# Scoring explanations after generation

Here we will show a simple example of how to score the explanations generated

In [1]:
from functools import partial
import os   
import torch
import orjson
import asyncio
from delphi.clients import OpenRouter
from delphi.config import ExperimentConfig, FeatureConfig
from delphi.explainers import explanation_loader
from delphi.features import (
    FeatureDataset,
    FeatureLoader
)
from delphi.features.constructors import default_constructor
from delphi.features.samplers import sample
from delphi.pipeline import Pipeline, process_wrapper
from delphi.scorers import FuzzingScorer



API_KEY = os.getenv("OPENROUTER_API_KEY")

In [3]:
feature_cfg = FeatureConfig(
    width=131072, # The number of latents of your SAE
    min_examples=200, # The minimum number of examples to consider for the feature to be explained
    max_examples=10000, # The maximum number of examples to be sampled from
    n_splits=5 # How many splits was the cache split into
)


In [5]:
module = ".model.layers.10" # The layer to score
feature_dict = {module: torch.arange(0,100)} # The what latents to score

dataset = FeatureDataset(
        raw_dir="latents", # The folder where the cache is stored
        cfg=feature_cfg,
        modules=[module],
        features=feature_dict,
)


Resolving data files:   0%|          | 0/150 [00:00<?, ?it/s]

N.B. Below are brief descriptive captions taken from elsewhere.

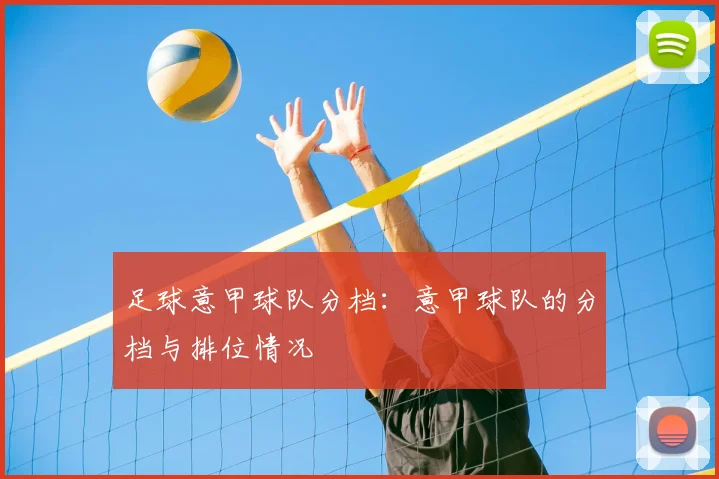 足球意甲球队分档：意甲球队的分档与排位情况
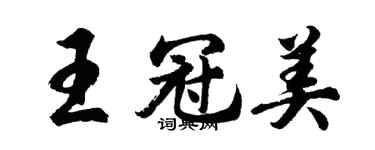胡問遂王冠美行書個性簽名怎么寫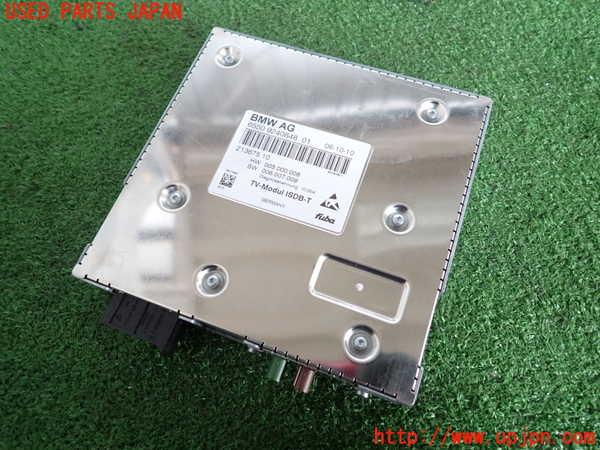 2UPJ-37376660]BMW 523i ツーリング(MT25)(F11)TVチューナー 中古_m0001.jpg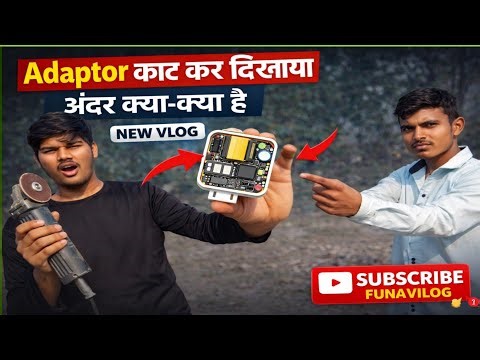 Adaptor के अंदर के राज l #adaptör #experiment
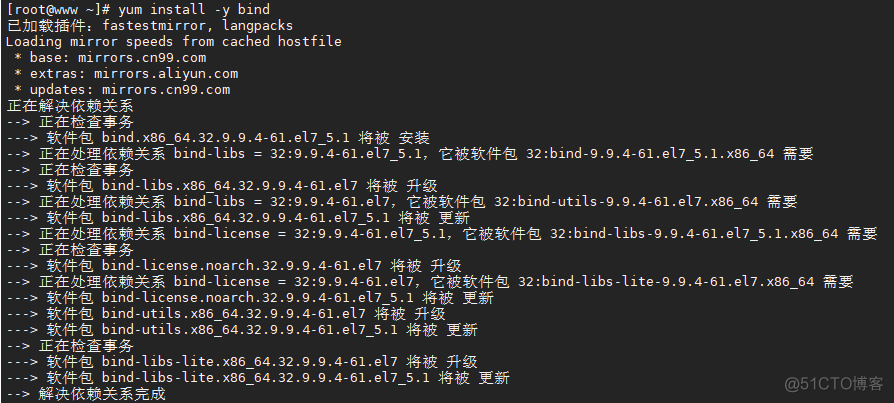 Linux学习（第九周）_作业_13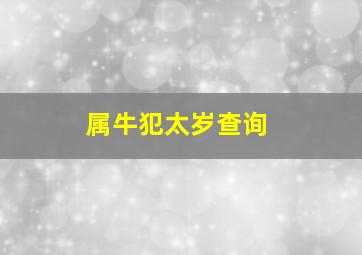 属牛犯太岁查询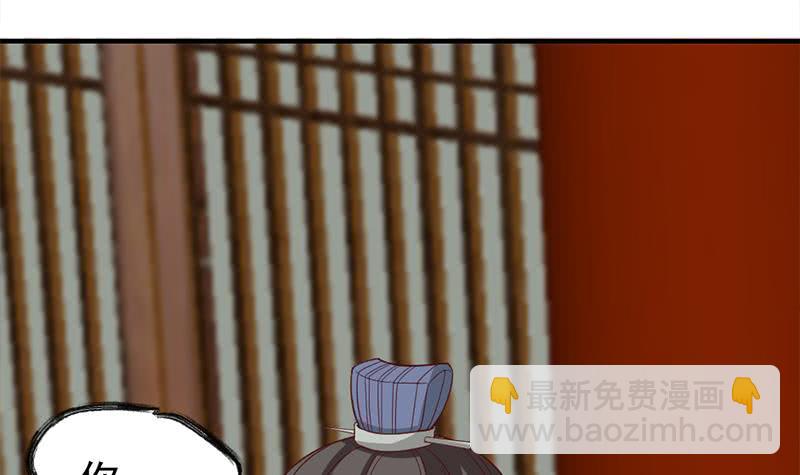 《一代诡妃》第189话 恐吓 第12页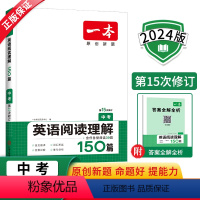 语文 九年级/初中三年级 [正版]2024新版中考英语阅读理解150篇全国版 初三九9年级上下册英语阅读理解专项突破训练
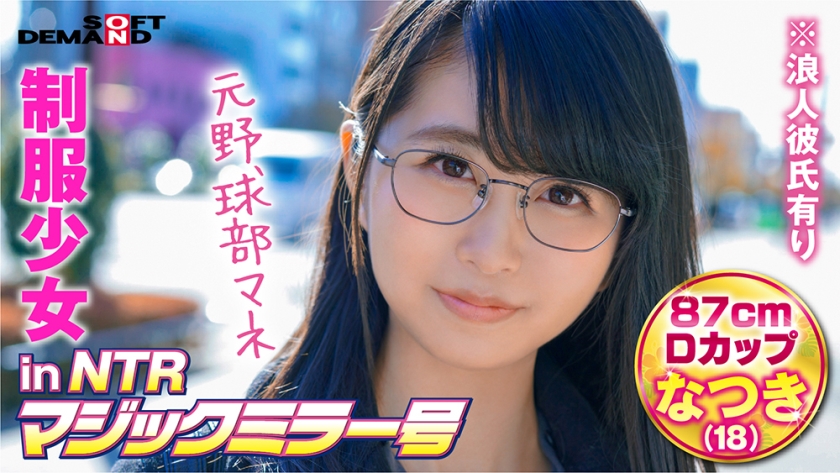 日本老熟妇求内射-短视频av首页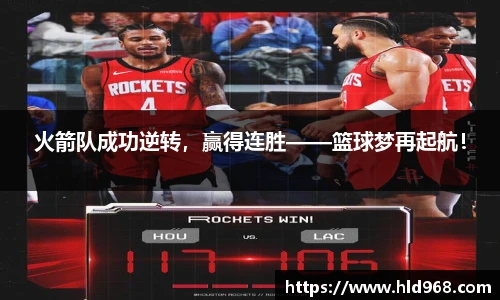 lehu乐虎国际平台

We need to define the config for the examples shown to the scorer model.
When selecting the examples to be shown to the scorer model we can select them from:
- "quantiles", which gets examples from the quantiles of the data
- "activations", which gets examples from activation bins.

In [7]:

experiment_cfg = ExperimentConfig(
    n_examples_test=20, # Number of examples to sample for testing
    n_quantiles=10, # Number of quantiles to sample
    example_ctx_len=32, # Length of each example
    test_type="quantiles", # Type of sampler to use for testing. 
)


The constructor and sampler here are the same as the ones used in the generation of the explanations.


In [8]:
constructor=partial(
            default_constructor,
            n_random=experiment_cfg.n_random, 
            ctx_len=experiment_cfg.example_ctx_len, 
            max_examples=feature_cfg.max_examples
        )
sampler=partial(sample,cfg=experiment_cfg)
loader = FeatureLoader(dataset, constructor=constructor, sampler=sampler)
    

Although we could generate the explanations in the pipeline, here we load the explanations already generated. Then we define the scorer. Because the scorer should use information from the previous pipe, we have a preprocess and a postprocess function.

In [None]:
client = OpenRouter("anthropic/claude-3.5-sonnet",api_key=API_KEY)

# Load the explanations already generated
explainer_pipe = partial(explanation_loader, explanation_dir="results/explanations")


# Builds the record from result returned by the pipeline
def scorer_preprocess(result):
        record = result.record   
        record.explanation = result.explanation
        record.extra_examples = record.not_active

        return record

# Saves the score to a file
def scorer_postprocess(result, score_dir):
    with open(f"results/scores/{result.record.feature}.txt", "wb") as f:
        f.write(orjson.dumps(result.score))


scorer_pipe = process_wrapper(
    FuzzingScorer(client, tokenizer=dataset.tokenizer),
    preprocess=scorer_preprocess,
    postprocess=partial(scorer_postprocess, score_dir="fuzz"),
)

Now our pipeline only has three steps.

In [None]:
pipeline = Pipeline(
    loader,
    explainer_pipe,
    scorer_pipe,
)
number_of_parallel_latents = 10
asyncio.run(pipeline.run(number_of_parallel_latents)) # This will start generating the explanations.